Polymer Market Update in North America, November 5, 2007

Write: Kerwin [2011-05-20]
The resin markets were active this past week, as October ended and buyers faced a fresh round of price increases. The dizzying highs in energy and monomer markets also faced the possibility of muting demand in these final eight weeks of the year.

In the beginning of the week, fresh Polyethylene cars were available from producers and there was also an aggressive push by traders to find homes for unsold Polyethylene railcars that they had committed to purchase earlier in the month. During the same time, processors were seeking to procure additional spot Polypropylene railcars to build a larger inventory buffer as a hedge against imminent price increase for November contracts.

Soaring energy and feedstock costs have compelled resin producers to nominate their steepest price increases of the year. Polyethylene producers seek to raise contract prices by as much as $.11/lb with Nov 1 and 15th implementation dates. Polypropylene produces have revised November price increase nominations, some twice, to now average $.08/lb.

Crude Oil prices continue to break all time records, with December futures again adding more than $4/bbl this past week to close at $95.93/bbl Friday. Natural Gas prices also ran higher this week, increasing $.61/mmBtu, to an $8.416/mmBtu settlement on Friday.

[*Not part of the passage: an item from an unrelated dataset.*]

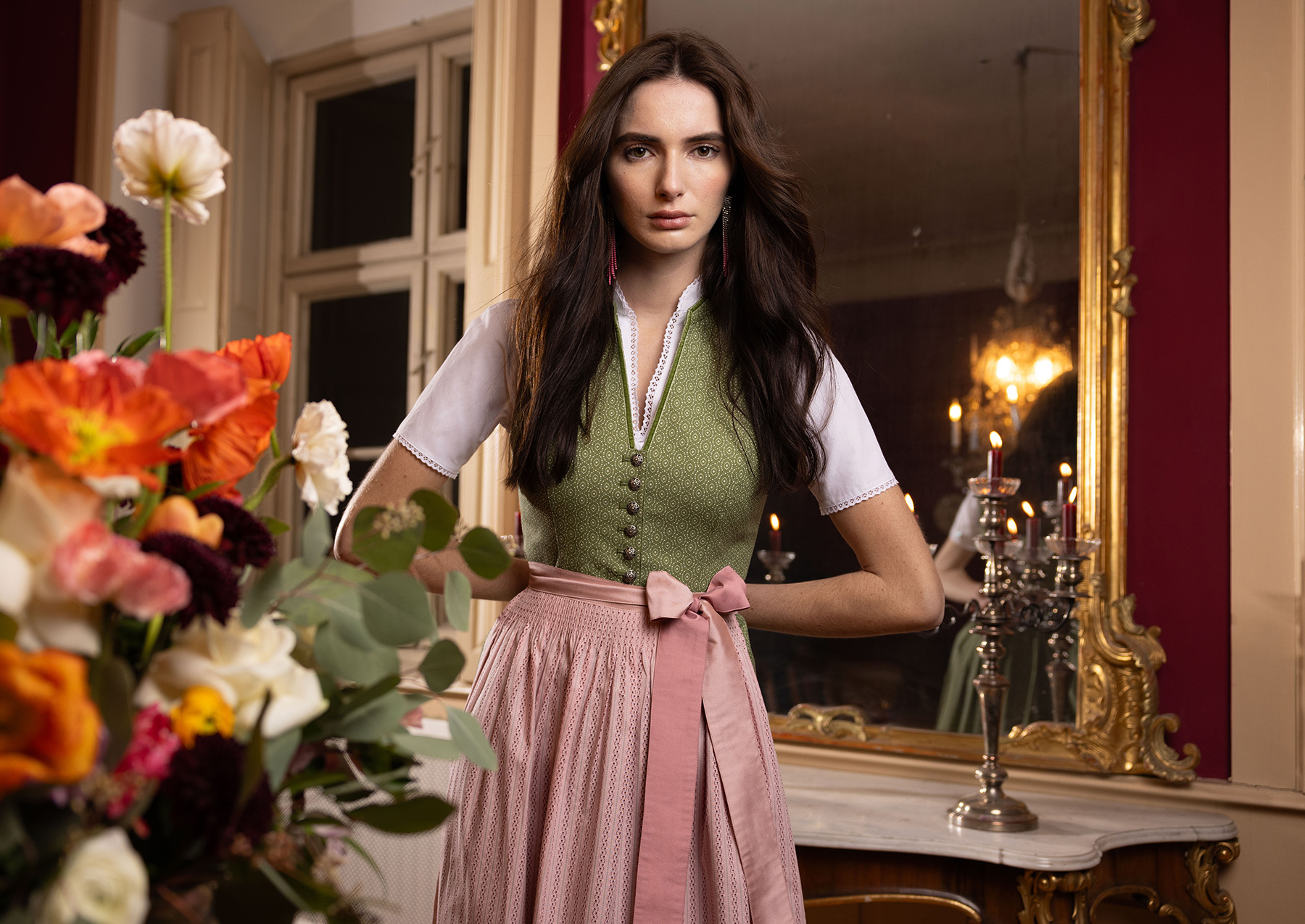 Stockerpoint Dirndl: Eleganz und Tradition vereint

Ethylene supplies, which were already tight, were further restricted during September and October, due to a series of planned an unplanned cracker outages. This helped propel monomer prices on a long rally that lifted prices to levels as high as $.54/lb in mid-Oct. Now that many of the outages have been resolved, returning more capacity on-stream, the Ethylene market has come under pressure and spot prices have peeled back under $.50/lb. Still, while spot prices were peaking, October monomer contracts settled $.05/lb higher, with a steep and unrealistic $.10/lb increase also nominated for November Ethylene contracts.

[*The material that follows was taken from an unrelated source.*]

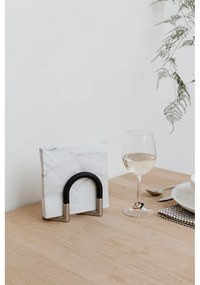 Porta tovaglioli in metallo Swivel - Umbra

RGP prices, also supported by cracker and refinery outages, have stayed strong, maintaining record levels around $.56-$.565/lb for weeks. We are just starting to see signs that the drawn out rally might be coming to an end. While still trading at $.55875 and $.56, there have been indications that ExxonMobil would soon restart its downed FCC in Beaumont, TX, which has contributed to the expectation of increased supply in the near-term.

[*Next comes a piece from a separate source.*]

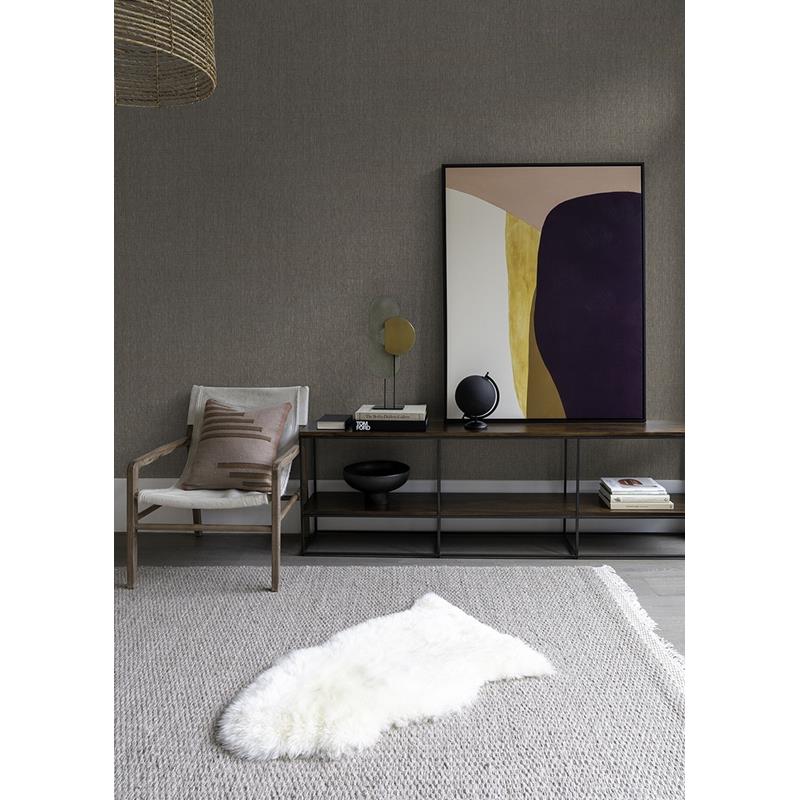 Purchase 2829-80080 Fibers Gaoyou Taupe Paper Weave A Street Prints Wallpaper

Commodity resin prices have been pushed higher by rising feedstock costs. With what appears to be ample resin inventories in the supply chain and currently limited profitable export opportunities, the domestic market will likely take full lead from the monomer markets. With sharp increases again in play for both November monomer and resin contracts, spot monomer trading activity over the next 1-2 weeks will very likely foretell the story.